Ricorre di continuo, as usual, il sesso, nella narrazione houellebecqiana, rendendo mirabili alcuni passaggi. Il raffronto fra il coito memorabile con una buddista tibetana che “sapeva contrarre la fica” o la “fellatio approssimativa” di una buddista zen di Sciences Po, le filosofiche discettazioni sul senso ultimo di un episodio di sesso orale nei bagni d’un locale, “Doveva essere ubriaca, oppure stava attraversando una specie di momento sartriano, ma applicato ai cazzi, ‘un cazzo fatto di tutti gli altri, che li vale tutti, e tutti lo valgono’, bastava che ci fosse un uomo pronto ad approfittare di quella botta di culo” o il congresso politico ad Addis Abeba, dove nessuno avrebbe trovato soluzioni per lo sviluppo dell’Africa, bensì prostitute africane “desiderose di mettersi al servizio di un cazzo occidentale”.

Eros, quindi, ma anche thánatos, e la vita, in sostanza, si riduce al proprio modo di affrontare la morte – raffigurata come una puttana borghese, di classe e sexy, a cui tutti possono fare appello, dai ricchi alle classi popolari – vero tema nodale di Annientare, evocato fin dal titolo.

Al centro, un Sisifo postmoderno, dai tratti kafkiani – Paul, alto dirigente ministeriale dalla marcescente vita matrimoniale e una malattia che ne restringe sensibilmente le aspettative di vita – che dell’esistenza comprende l’assurdo, l’impossibilità di razionalizzare tutto, di vivere incollati al determinismo assoluto. Ma che, contrariamente al suo omologo camusiano, che a Houellebecq è sempre apparso “evidentemente infelice poiché compie gesti vani, ripetitivi e dolorosi” (così scrive nel 2014 in Un remède à l’épuisement d’être, pubblicato in Interventions, Flammarion, 2020), compie gesti vani, ripetitivi e piacevoli.

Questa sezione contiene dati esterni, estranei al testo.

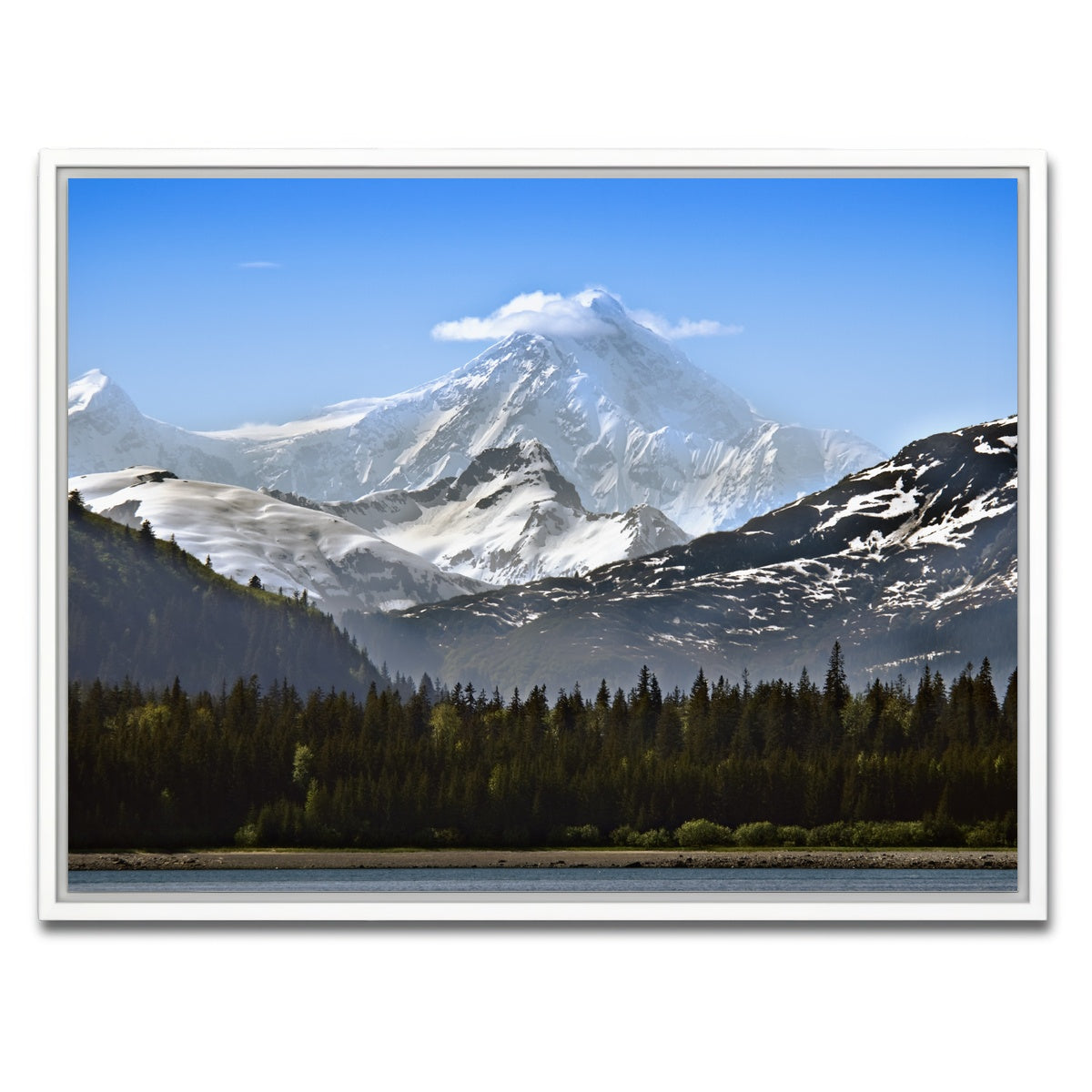 AUTO-MOCKUP WHITE | Glacier Bay National Park Alaska | 1 Piece | White Framed Canvas | group=4x3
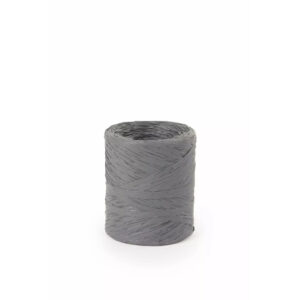Raphia naturel anthracite 15mm en bobine de 200m pour compositions florales et décoration florale professionnelle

Solo quando riscopre il piacere sessuale con la moglie Prudence, infatti, Paul riesce ad abbandonarsi alla vita e, di conseguenza, all’idea della fine.

“Prudence non era una donna fatta per il sesso, di questo almeno cercava di convincersi Paul, ma senza molto successo, perché in fondo sapeva bene che Prudence era fatta per il sesso esattamente come la maggior parte delle donne, e forse di più, che nel profondo di sé avrebbe sempre avuto bisogno del sesso, nel suo caso di sesso eterosessuale e, a voler essere precisi, di un cazzo che la penetrasse”.

Al contrario, l’emblematico fratello Aurélien – restauratore medievalista dalla vita sentimentale disastrata – non giungendo in tempo alle medesime conclusioni esistenziali, si autoinfligge una morte violenta. Il suicidio, quindi, o una serena esistenza da condannati a morte, come uniche possibilità di scampo al disfacimento dei rapporti moderni.

Per citare Pascal, con la sua solita brutalità, più volte ripreso da Michel Houellebecq, “L’ultimo atto è cruento, per quanto bella sia stata la commedia in tutto il resto; alla fine, ci gettano un po’ di terra sulla testa, ed è finita per sempre”, in fondo, tutto è annientare.